Recently someone did a survey that said 1 in every 2 people that plays online games have faced abusive interactions, a report that was then headline news at BBC. That report just tells me that 50 percent of the people who took the survey blatantly lied – the 50 percent that didn’t report abuse. I have been playing online competitive games for 11 years now, and I am yet to meet a single individual who hasn’t faced online abuse. Now is it a problem? yes it is. Is it a new problem or a problem unique to online activity? to a small extent yes, but mostly no. So, why no?

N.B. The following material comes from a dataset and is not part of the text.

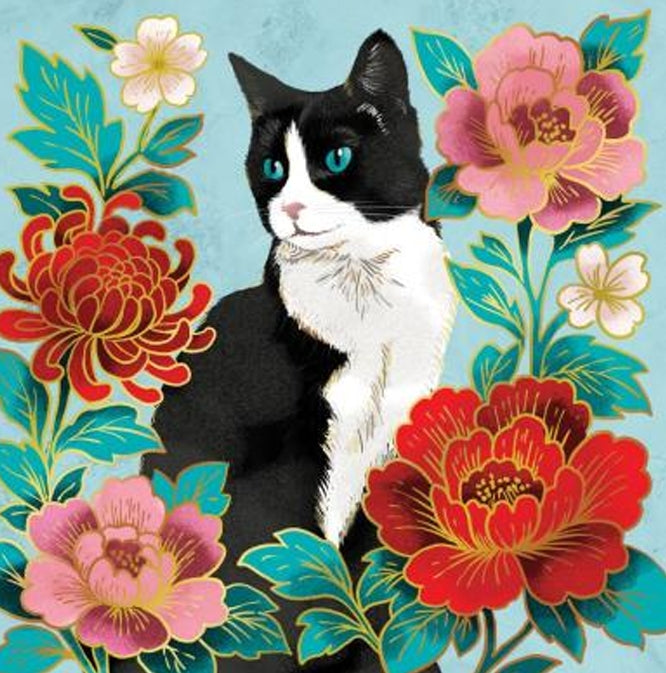 The Blue-Eyed Cat Postcard with gold foil details by Editor - Art of Emotion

Anyone who actually has had social interactions during their childhood, will tell you that children can be brutal and abusive to one another, that cannot be news to anyone. Children learn from their parents or at times from the lack of parental guidance. Regardless of why they do it, it is a problem that is yet to be solved after decades of public recognition. So how do you solve the issue online? I am yet to see a single solution offered by anyone but everyone is scandalized. I suppose it is the way some people fulfill their need to feel important. The small factor of uniqueness in this problem comes from the anonymity of the internet where a 10 year old could pretend to be a 30 year veteran as long as he/she doesn’t speak. Many game designers regularly police their communities of abusers, but it is technically impossible to police those who abuse in voice chat, since that would necessitate recording voice. At which point privacy would become an issue.

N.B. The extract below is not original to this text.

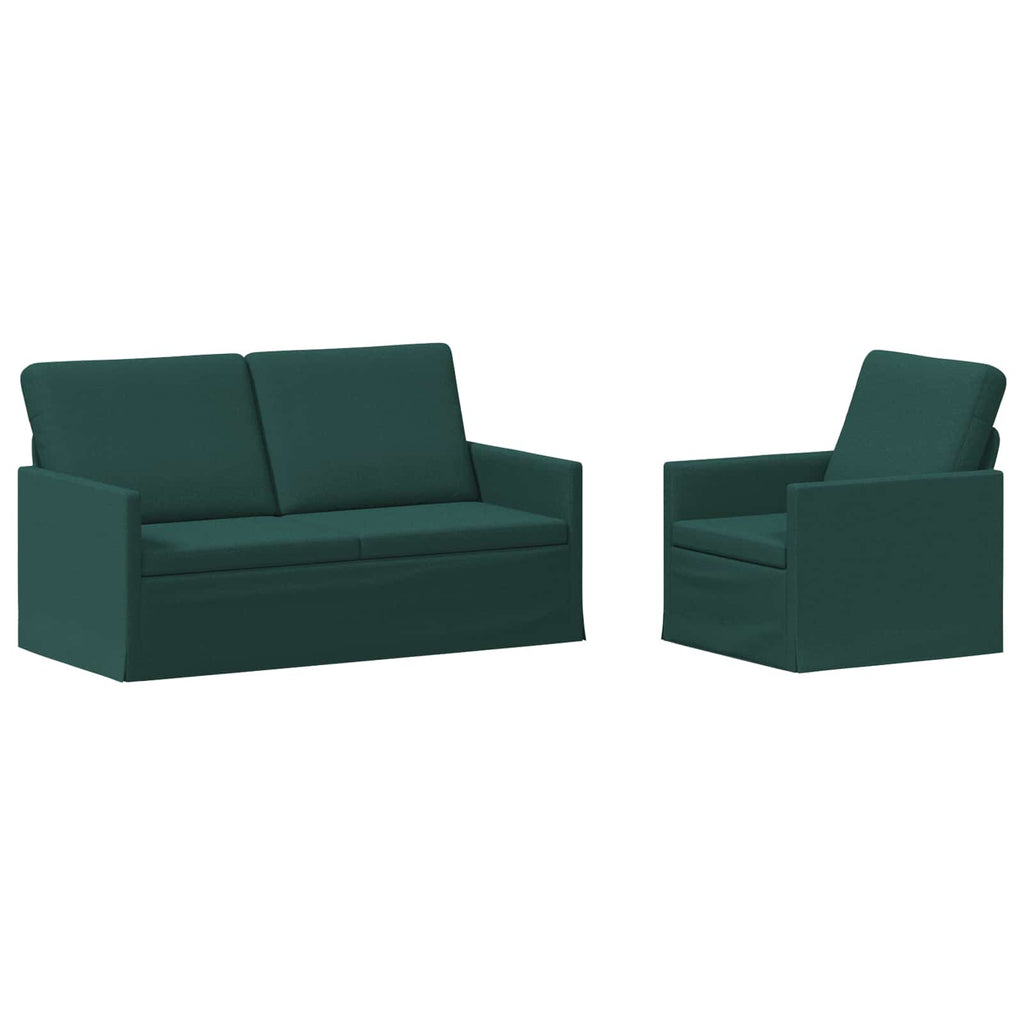 vidaXL Zestaw Sof 2 pcs Ciemnozielony tkanina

Games are for fun but online games are inherently supposed to be competitive. If there is competition, there will be hurt egos and bad blood, which is bound to generate abusive words. In the BBC report they interviewed just one boy and one ‘expert’ (think what you will from that). The boy that faced abuse, plays Rocket League and says that he has been told to go kill himself after scoring a goal. That tells me that he is either hamming it up for the interview or he has never had social interactions with other kids in real life or a combination of the two.
Isn’t this the exact reason people have been preventing children’s sports from being competitive (everyone is a winner, right?)? I detest that culture since I think it teaches children to feel entitled to win every time and discourages competition. Noble thought, but real life is competitive and teaching children to not be competitive cannot be the answer. The report complains that too many people are bad losers, but aren’t the parents the ones teaching their kids that there are no winners and losers? I think parents need to teach children to be good losers and graceful winners. Bottomline, parents need to do their damn job rather than expect someone else to solve their troubles. Too many parents think that the moment their kids are engrossed in a game or the television, they can relax and switch off, when infact that is when they need to do some parenting.
There is another kind of problem that becomes amplified in online games – that of racial and sexual abuse. Both of those however will change with time and social change, but unless parenting changes, the problem of sore losers and abusive winners WILL NOT go away. The difference is that society is already working on racial and sexual abuse issues, but all I see are more and more parents happy to stick an ipad in front of their kid’s faces while they relax.
If you are someone playing online games, then grow a thicker skin or get off the online game until such a time comes when everyone starts behaving like saints and there are unicorns running through our fields. If you choose the later then I am afraid I won’t be seeing you in my games for a VERY VERY long time.